I learned after the first book to skip the interminable soap opera that was Havers and her family (I was actually pleased when her father died in the third book so that I wouldn't have to read any more about him). But the fourth book takes "wallow" into a whole new dimension. Simon and Deborah. Deborah and Tommy. Tommy and Simon. Simon and Helen. Helen and Tommy. Tommy and Peter. If you loved Wuthering Heights, you'll love this book. Otherwise, you may find yourself screaming by half-time.
I'm hoping that all of these emotional cripples get down to business by the fifth book. Otherwise, the Elizabeth George fan club will have to carry on without me.
*****It is definitely one of her best.
This book, in time sequence, "happened" before any of the "Lynley/Havers" mysteries. Excellent for those Lynley fans who want to know: What did happen between Thomas and Deborah? Simon and Deborah?

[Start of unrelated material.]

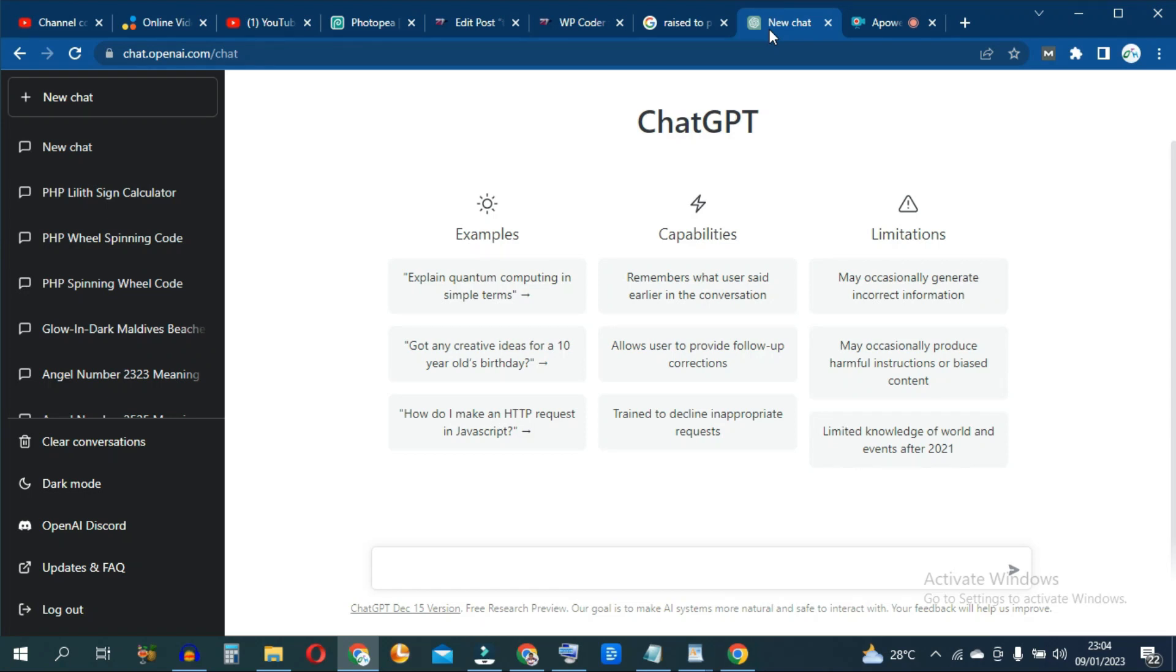I'll show you how to do proper keyword research using ChatGPT. Say you want to blog about the niche insurance and you don't have inspiration for possible topics.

----AT the start, Deborah has just returned from college, home to her father (living with Simon). She announces her engagement to Tommy Lynley. They are going to his ancestral home, bringing a reluctant Simon, and a grimly cheerful Lady Helen as guests. Meanwhile Simon's young sister Sydney,has troubles with an abusive man. Tommy's younger brother may be using drugs. Why are Tommy and his mother alienated? Who's the mysterious woman that disappears without a trace?
****
When murder happens on the estate, all these story lines converge and intertwine in a way that explores the relationships, old and new of this extended "family" .
The resolution of the mystery was one of George's most inspired. As usual, the story is so intricate, it's difficult to imagine the difficulty of spinning this web.
Even more important to me, was the resolution of, at least some of the interpersonal conflicts.
*****ok I admit, I cried at the "happy" ending***********
This is an outstanding book for all mystery fans.